PageBloomFilter
Bloom filter with page, designed for storage density and query speed.
Benchmark
We got average latency per operation under 25ns in a benchmark with 500k elements on a Xeon-8374C machine. SIMD brings significant speed-up.
It runs slower on EPYC-7K83 machine.
Running test with SIMD on Xeon-8475B machine, we found aesni-hash helps a lot (amazing fast test operation under 7ns).
Running test with SIMD on EPYC-9T24 machine, we found aesni-hash helps a little.
API
auto bf = NEW_BLOOM_FILTER(500, 0.01);
if (bf.set("Hello")) {
std::cout << "set new Hello" << std::endl;
}
if (bf.test("Hello")) {
std::cout << "find Hello" << std::endl;
}
Go Version
// BloomFilter with 0.01 false positive rate for 500 items
bf := NewBloomFilter(500, 0.01)
if bf.Set("Hello") {
fmt.Println("set new Hello")
}
if bf.Test("Hello") {
fmt.Println("find Hello")
}
Function injection techique is avaliable for AMD64. It uses code compiled by clang in Go without CGO. A benchmark with 500k elements on a Xeon-8374C machine shows new implement runs much fast than the pure go implement.

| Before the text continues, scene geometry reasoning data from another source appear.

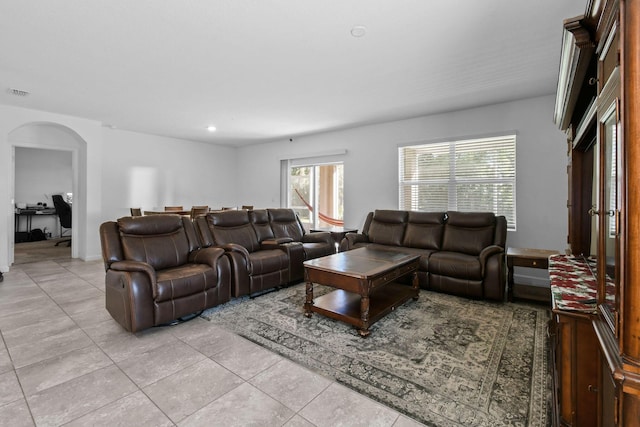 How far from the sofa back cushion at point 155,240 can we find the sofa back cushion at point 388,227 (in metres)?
2.76

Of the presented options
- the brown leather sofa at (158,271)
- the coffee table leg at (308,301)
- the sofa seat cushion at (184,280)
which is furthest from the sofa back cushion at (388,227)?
the sofa seat cushion at (184,280)

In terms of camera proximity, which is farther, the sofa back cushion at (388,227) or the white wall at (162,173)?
the white wall at (162,173)

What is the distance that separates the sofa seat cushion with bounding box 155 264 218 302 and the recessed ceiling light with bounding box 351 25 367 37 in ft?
8.37

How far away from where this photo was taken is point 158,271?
9.86ft

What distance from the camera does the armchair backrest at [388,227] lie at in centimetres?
462

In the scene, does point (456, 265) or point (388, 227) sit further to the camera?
point (388, 227)

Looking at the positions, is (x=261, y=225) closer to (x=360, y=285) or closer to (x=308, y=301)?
(x=308, y=301)

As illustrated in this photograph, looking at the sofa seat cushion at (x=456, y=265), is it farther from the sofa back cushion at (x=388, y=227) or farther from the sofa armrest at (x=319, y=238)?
the sofa armrest at (x=319, y=238)

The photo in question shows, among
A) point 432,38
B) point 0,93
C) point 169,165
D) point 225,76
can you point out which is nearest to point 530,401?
point 432,38

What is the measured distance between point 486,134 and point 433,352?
347 centimetres

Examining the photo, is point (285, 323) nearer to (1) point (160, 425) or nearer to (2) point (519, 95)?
(1) point (160, 425)

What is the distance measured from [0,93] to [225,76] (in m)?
3.20

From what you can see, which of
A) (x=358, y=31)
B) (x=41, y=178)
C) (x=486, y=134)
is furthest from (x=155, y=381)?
(x=41, y=178)

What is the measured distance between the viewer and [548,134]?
158 inches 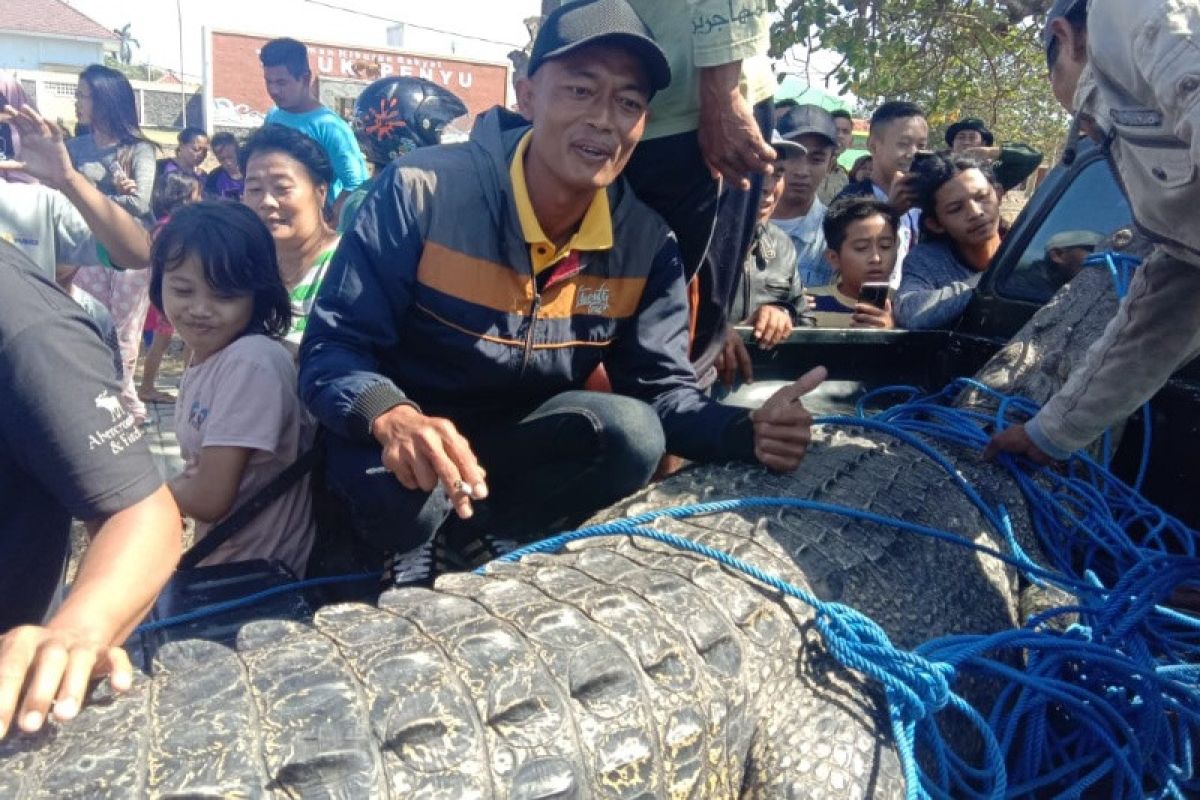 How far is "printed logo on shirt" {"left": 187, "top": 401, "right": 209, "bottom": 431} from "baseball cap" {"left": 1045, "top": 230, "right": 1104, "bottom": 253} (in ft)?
8.21

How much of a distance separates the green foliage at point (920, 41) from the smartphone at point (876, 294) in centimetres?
387

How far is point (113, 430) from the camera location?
1370mm

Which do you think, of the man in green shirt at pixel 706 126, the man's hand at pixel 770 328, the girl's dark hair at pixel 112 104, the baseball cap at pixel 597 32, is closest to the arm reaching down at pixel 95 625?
the baseball cap at pixel 597 32

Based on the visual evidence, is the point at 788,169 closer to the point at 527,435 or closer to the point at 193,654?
the point at 527,435

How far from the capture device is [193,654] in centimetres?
109

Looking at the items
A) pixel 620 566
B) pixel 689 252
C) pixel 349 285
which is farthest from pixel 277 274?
pixel 620 566

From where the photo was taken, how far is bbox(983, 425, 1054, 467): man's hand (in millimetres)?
2217

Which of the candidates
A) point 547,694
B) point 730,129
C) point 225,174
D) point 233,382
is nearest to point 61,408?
point 547,694

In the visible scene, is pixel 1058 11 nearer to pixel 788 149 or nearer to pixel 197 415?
pixel 197 415

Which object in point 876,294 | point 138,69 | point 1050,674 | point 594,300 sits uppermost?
point 138,69

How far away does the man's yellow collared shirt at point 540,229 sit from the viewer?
2096mm

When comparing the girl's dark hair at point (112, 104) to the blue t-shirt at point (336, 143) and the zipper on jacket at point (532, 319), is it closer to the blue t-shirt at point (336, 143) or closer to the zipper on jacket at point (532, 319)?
the blue t-shirt at point (336, 143)

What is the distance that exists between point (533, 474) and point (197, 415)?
0.79m

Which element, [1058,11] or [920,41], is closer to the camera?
[1058,11]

name old time/op new time/op delta
Set4 53.6ns ± 6% 26.5ns ± 6% -50.52% (p=0.000 n=20+20)
Test4 40.5ns ± 5% 21.2ns ± 5% -47.63% (p=0.000 n=20+18)
Set5 56.4ns ± 5% 28.0ns ± 5% -50.34% (p=0.000 n=20+19)
Test5 41.5ns ± 3% 18.8ns ± 7% -54.72% (p=0.000 n=20+19)
Set6 57.6ns ± 5% 29.1ns ± 5% -49.44% (p=0.000 n=20+20)
Test6 42.2ns ± 4% 18.5ns ± 7% -56.22% (p=0.000 n=20+18)
Set7 58.8ns ± 4% 30.8ns ± 9% -47.68% (p=0.000 n=20+20)
Test7 43.9ns ± 6% 18.9ns ± 8% -56.98% (p=0.000 n=20+19)
Set8 58.4ns ± 9% 32.4ns ± 5% -44.53% (p=0.000 n=20+19)
Test8 44.8ns ± 2% 18.4ns ± 7% -58.86% (p=0.000 n=19+20)
We suggest that user should execute go-inject.sh to gnerate new injecting code before build. Clang, binutils and python are needed.
Benchmark shows it runs 3x time faster than another famous bloom filter implement bits-and-blooms:
cpu: Intel(R) Core(TM) i7-10710U CPU @ 1.10GHz
BenchmarkBitsAndBloomSet-6 1000000 140.0 ns/op
BenchmarkBitsAndBloomTest-6 1000000 81.68 ns/op
BenchmarkPageBloomFilterSet-6 1000000 32.12 ns/op
BenchmarkPageBloomFilterTest-6 1000000 20.58 ns/op
Java Version
PageBloomFilter bf = PageBloomFilter.New(500, 0.01);
byte[] hello = "Hello".getBytes("UTF-8");
if (bf.set(hello)) {
System.out.println("set new Hello");
}
if (bf.test(hello)) {
System.out.println("find Hello");
}
Benchmark shows it runs much faster than Google's Guava and Alexandr Nikitin's bloom-filter-scala. We see Java version without dedicated optimization is inferior to the Go version.
// i7-10710U & OpenJDK-17
pbf-set: 50.962245 ns/op
pbf-test: 40.465323 ns/op
guava-set: 133.513980 ns/op
guava-test: 112.318321 ns/op
nikitin-set: 86.930928 ns/op
nikitin-test: 62.133052 ns/op
C# Version
var bf = PageBloomFilter.New(500, 0.01);
var hello = Encoding.ASCII.GetBytes("Hello")
if (bf.Set(hello)) {
Console.WriteLine("set new Hello");
}
if (bf.Test(hello)) {
Console.WriteLine("find Hello");
}
C# code is very similar to Java code, but runs slower.
// i7-10710U & .NET-7
pbf-set: 83.461274 ns/op
pbf-test: 74.953785 ns/op
Python Version
bf = pbf.create(500, 0.01)
if bf.set("Hello"):
print("set new Hello")
if bf.test("Hello"):
print("find Hello")
Python with c extension is still slow, but 8x time faster than pybloom.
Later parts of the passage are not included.